Tech-driven retail
Varner is one of Scandinavia’s largest fashion houses, with 11’000 employees and 1’400 stores across seven countries. Over the years, the group as embarked on an impressive growth trajectory, but it is the journey from a fragmented organisation of brands, to a centralised, needs-driven fashion mogul that gets us excited for what is to come. What are the learnings from millions of purchases? And how do we turn insights into implementations for a greater customer journey tomorrow?
The evolution of Varner is in constant development, a goal Sonat and Varner set early on in their alliance. It was clear, finding strength in being a group as opposed to a series of independent brands, saves resources and builds competence and skills. The initiative to design a customer service at group level enabled a better customer journey and secured clarity, ahead of technological leaps in flexibility, meeting needs and desires for a store where the digital and physical shops finally meet.
Things were different when Sonat and Varner began developing customer service together. All the brands in the group had siloed services and no central structure was in place. But with Sonat’s ability to tailor-made and collect service solutions, Varner was equipped with an integrated digital platform. With the significant tools, the group was able to identify customer needs across all brands, in real-time. ‘We accumulate findings of the journey such as navigation, ease of purchase, clarity in return procedures, payment solutions and how customer perceive sustainability, this is all data we analyse and build developments around, says Pernilla Johansson, head of business solutions at Sonat for Varner.

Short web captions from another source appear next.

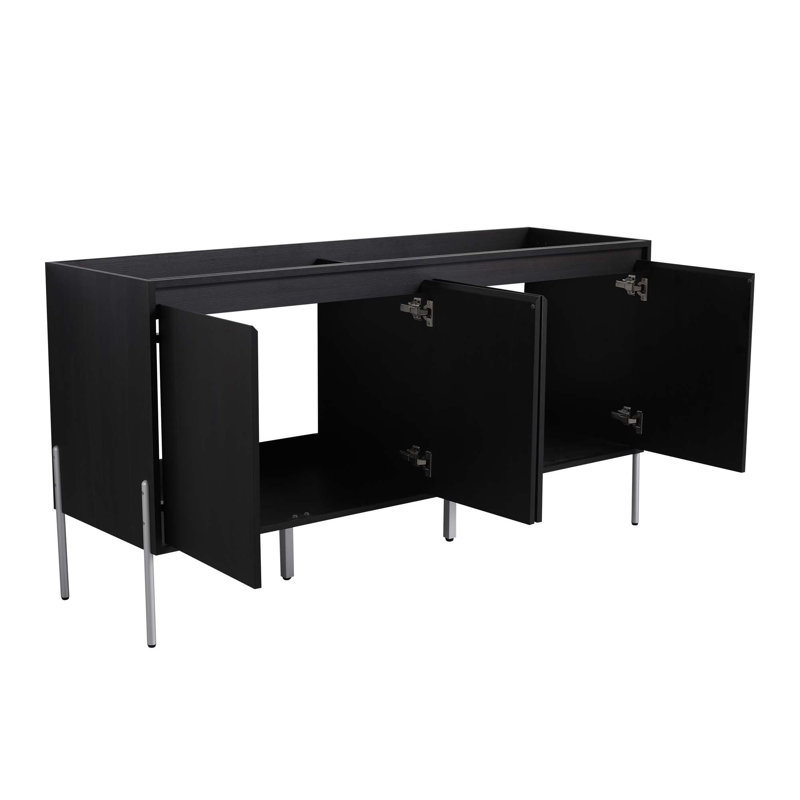 Meuble-lavabo autoportant et portes d'armoire à fermeture en douceur, à l'exception du lavabo, Noir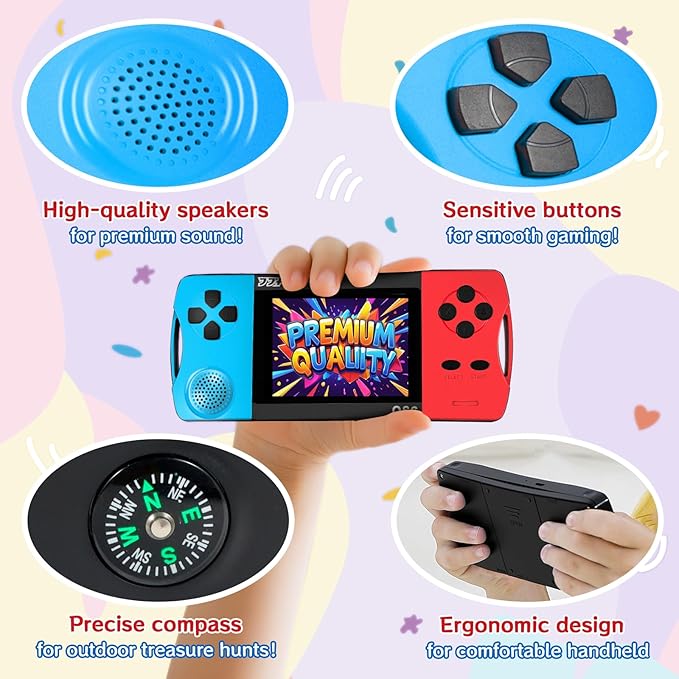 Handheld Games for Kids with 3.5" IPS Large Screen Built-in 216 Retro Video Games Portable Gaming Player with Rechargeable Battery Mini Arcade Electronic Toy Gifts for Boys Girls (Blue+Red)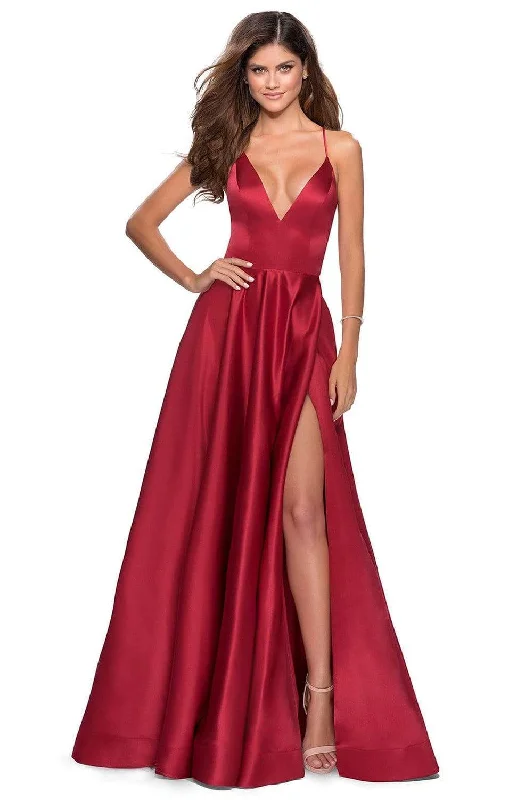 La Femme - Plunging V-Neck Fitted Satin A-Line Dress 28628SC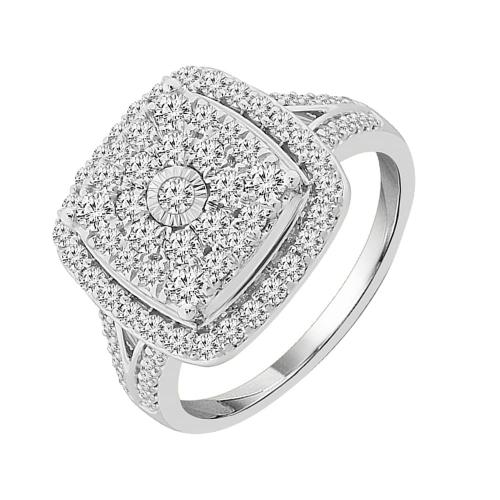 1.00CT. T.W. DIAMOND CUSHION-HALO  COMPOSITE RING IN 10K GOLD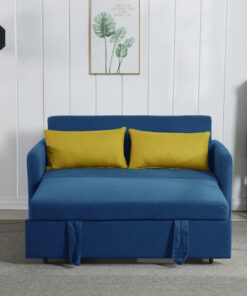 Twins Sofa Bed Blue Fabric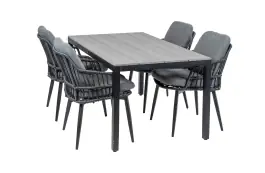 5-teiliges Garten-Set | 4 Gartenstühle Isabel | Limasol Gartentisch | 160 cm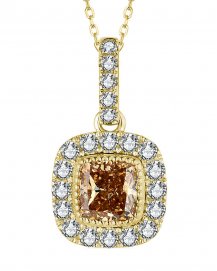 MULTI TONE CUSHION DIAMOND PENDANT (TP2926)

Two brands at Varner committed to the centralised platform, to begin with, but it did not take long before all the brands realised the immense benefit of gathering collected data. Although, it took Sonat and Varner a fair share of change management to get everyone on board, the result is a needs-driven, intelligent and nimble retail group. ‘Today, Varner operates in a collective structure, with for instance, one group for social media and one for payment systems across all brands. With these specific groups, we can address the analysis of data appropriately and deliver insights for more effective results. The opportunity with a clear group target, is a tighter dialogue and more measurable progress,’ says Johansson.
The way technology is moving fashion today is remarkable but puts pressure on the larger players to find the right use for the big data gathered. With one customer service channel across the entire group, challenges in communication and design become apparent instantly. The ability to bring the platforms closer to the end-user has been Sonat’s and Varner’s joint ambition, minimising the number of calls and requests to customer service. ‘Today, there is a significant improvement in the way Varner can quality assess all external communication. This is visible across all measurements,’ says Johansson.

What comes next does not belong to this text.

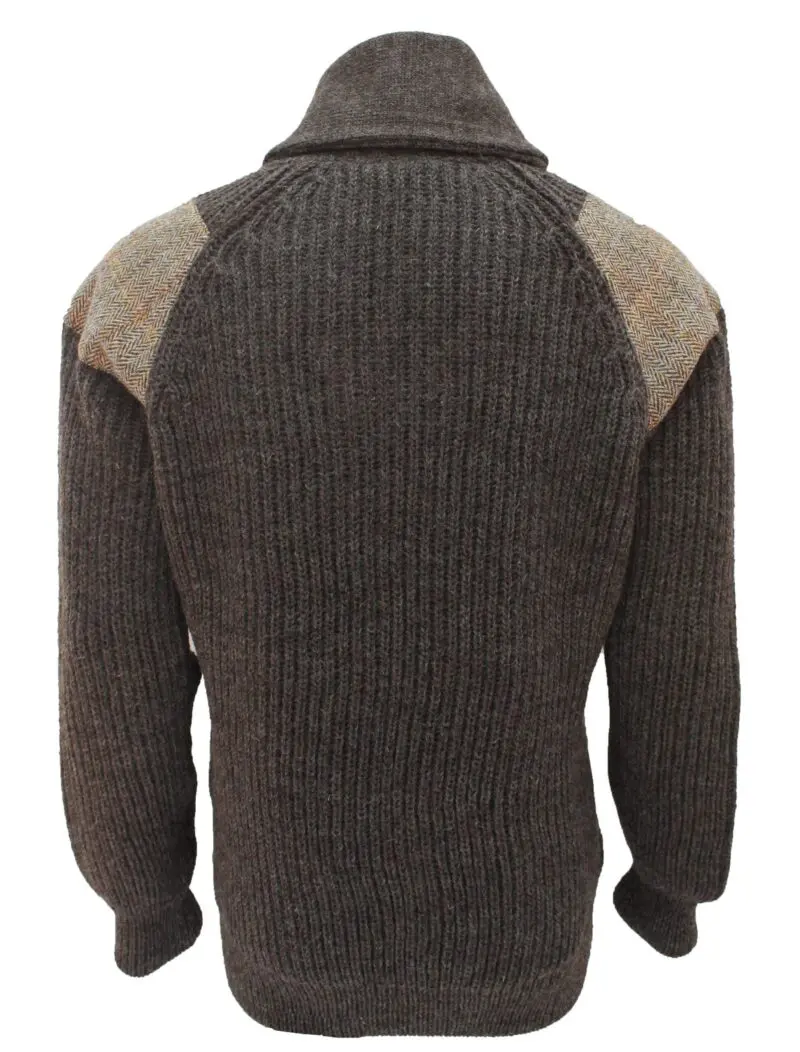 Byreman - Chunky knit Shawl Collar Sweater with Harris Tweed patches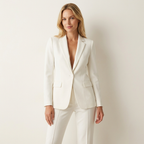 Women’s Plunging Pants Suit – Single Button Blazer & Straight Leg Trousers White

Quality and efficiency across the group have improved the customer journey ahead of the next great leap, introducing greater flexibility in purchase, orders and deliveries. The capabilities to offer customers seamless ways to order online, pick-up in-store, return remotely, purchase again online and at the same time choose from an array of different delivery options, is vital in the customer journey of tomorrow. This puts pressure on Varner and Sonat, but with first-class customer service across the group, the team can change the dialogue in a quick and agile way, simplifying the process and bringing the customer closer.
The strength ahead is accumulated in intelligence that continues to improve the infrastructure and better the customer journey every day. ‘This tells the story of a real effort to change customer service, a beautiful turning point, that enabled the organisation to reach new flexible heights,’ Johansson concludes.